I created a blog because I wanted to share my thoughts with the world. However, I haven’t posted anything in awhile because I did not know what to write about it. I was in the midst of a couple of drafts, but I was not passionate about what I was writing. I don’t want to write just for the sake of posting something, I want to write because I have something important to say. I needed to be inspired, but I couldn’t find the inspiration to write something worth posting.
Now that it is the new year I have finally found something I want to share with everybody. Recently I have been going through some personal troubles. I do not often tell others about my problems and there have been several times where I have felt like I wanted to give up. I wanted to give up on everything, because I felt like there is no point in continuing with life. I am currently a student in university and I’m not sure if I a hundred percent like it. Being in university, I’ve been distant from some people in my life. Being distant from these people have made me wonder why some say they will always care about you, but end up forgetting about you. I do not understand this because I am not like this. I understand that people change and become busy, but they are certain people that have stuck by me for years, so why is it that some people forget about you? With the combination of my never ending thoughts about my troubles insomnia has caused me to become a tired,empty, lifeless zombie roaming the earth.

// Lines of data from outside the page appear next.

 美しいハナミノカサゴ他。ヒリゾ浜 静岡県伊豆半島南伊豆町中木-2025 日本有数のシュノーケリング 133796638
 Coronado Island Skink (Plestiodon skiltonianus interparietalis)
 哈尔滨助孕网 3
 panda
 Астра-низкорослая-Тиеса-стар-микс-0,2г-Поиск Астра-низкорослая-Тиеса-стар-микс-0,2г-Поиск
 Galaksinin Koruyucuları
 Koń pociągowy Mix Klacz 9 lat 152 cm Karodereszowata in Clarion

I needed to be reminded why I shouldn’t give up on myself, and there are two people who reminded me why I am living. Firstly, my mother. My mother is the most difficult person on the planet. I have said terrible things to my mother, but she’s always been there for me. She works herself to exhaustion, but makes sure my siblings and I, have the best of everything. Like most people my mom wanted to go to school and travel the world, instead she got married and had three children. Sometimes I think that my mom does not deserve the life she has. I even think that it’s okay if my siblings and I weren’t born because than she would be able to have the life she wanted. She would be happy. My mom is one of the strongest people I know and I don’t know how she does it. I would not be able to raise three children.After all, I am lucky to have a mom who did not stop give up on herself or her children, the best way I can repay her is to be successful and happy. Once my siblings and I are successful we can take care of her so she can know that her life was worth something.
Another person that reminded me why I can not give up, is my friend Kimberly. I met her in my junior year of high school and we’ve been friends ever since. Kim has taught me that is important to love yourself. She has taught me that life is to short to weep for hours just because something isn’t going according to plan. Feeling sorry for yourself is not going to make your life better. The only way your life can improve is to be thankful and never stop striving for your goals. Despite her hardships Kim never stops being herself and continues to make the most of her life. I don’t think I realized how grateful I am for her friendship, until I saw her video on her youtube channel called New Year Checklist. I know some day she will be a Youtube phenomenon because she didn’t give up on herself. The world will realize how fabulous she is, and she will inspire not only me but thousands of people.
Hence, I would like to take the time to say thank you to my mother and Kim for inspiring me and reminding how much I have to live for. This new year I learned that you have to believe things are going to get better, because if you don’t you will never be inspired. Be thankful for what you have and for those who are there for you. Despite your hardships, you have to believe you deserve happiness because that is only the way your year will be better.